The old school approach is far from ideal in today's London corporate landscape.
Mostly, I received a lot of dumbfounded looks from clueless receptionists (oftentimes followed by an adroit comment akin to "have you checked the info on their website?"). These gatekeepers are what is between you and the real decision-makers that you actually want to talk to. They are especially aloof for the larger up-scale firms with fancy Mayfair addresses. They will ask you who you are seeing, if you have a scheduled appointment, as well as name and title of whom you want to see. The larger the corporation, seemingly the more stringent enforcement of said screening.
For larger organizations, avoid approaching HR altogether. It is a black hole and you are lucky if your CV finds the relevant party. For smaller players HR is often constituted of one labile person, and you are left at this person's whim, ability and willingness to circulate your info.
Refining my technique on the go, I started cold calling the main desks equipped with an arsenal of names and job titles of relevant persons at the firm in question. Calling HR is a complete waste of time, 80% of the time they are not in office and voicemail messages seem to receive zero attention.
Nearing conclusion of my stay, I started calling traders directly and approaching employees in elevators and preaching my case. This turned out to be highly more efficient and fruitful, and yielded a few business cards and promises to forward my info to parties deemed relevant.
Following up on all leads on e-mail, the typical feedback that I have gotten seem to sort under one of the following: 1) that is not something we do here (period, bar none); 2) unfortunately we do not currently have capacity; or 3) cannot find a department that would meet your request.

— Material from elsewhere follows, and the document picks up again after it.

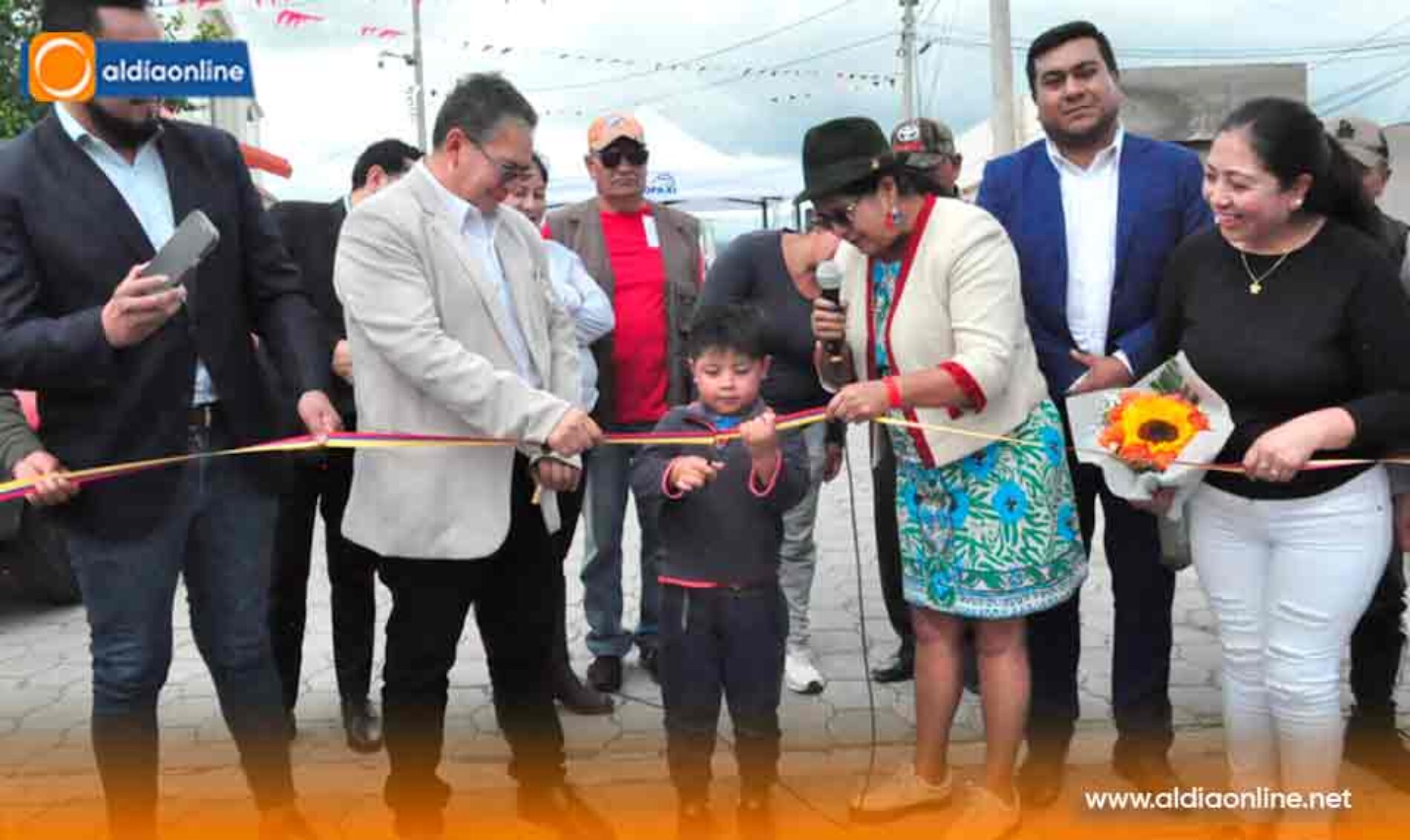BARRIO GOTERA YÁNEZ INAUGURA 800 METROS DE ADOQUINADO CON APORTE DE LA PREFECTURA DE COTOPAXI. (VIDEO)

Concluding, I think maybe this physical hand-son approach would work better in the U.S. with a sociology that - in my own experience - to a larger extent acknowledges personal initiative and entrepreneurial endeavors.
Needless to say, the peregrination was more futile than I originally had feared. I do find it bizarre that these firms are not more welcoming towards master students, who come knocking on their door essentially willing to dedicate six months of their life in order to research a topic (issue, challenge, opportunity) pertinent and with practical benefit to the firm.
I would appreciate your thoughts on this?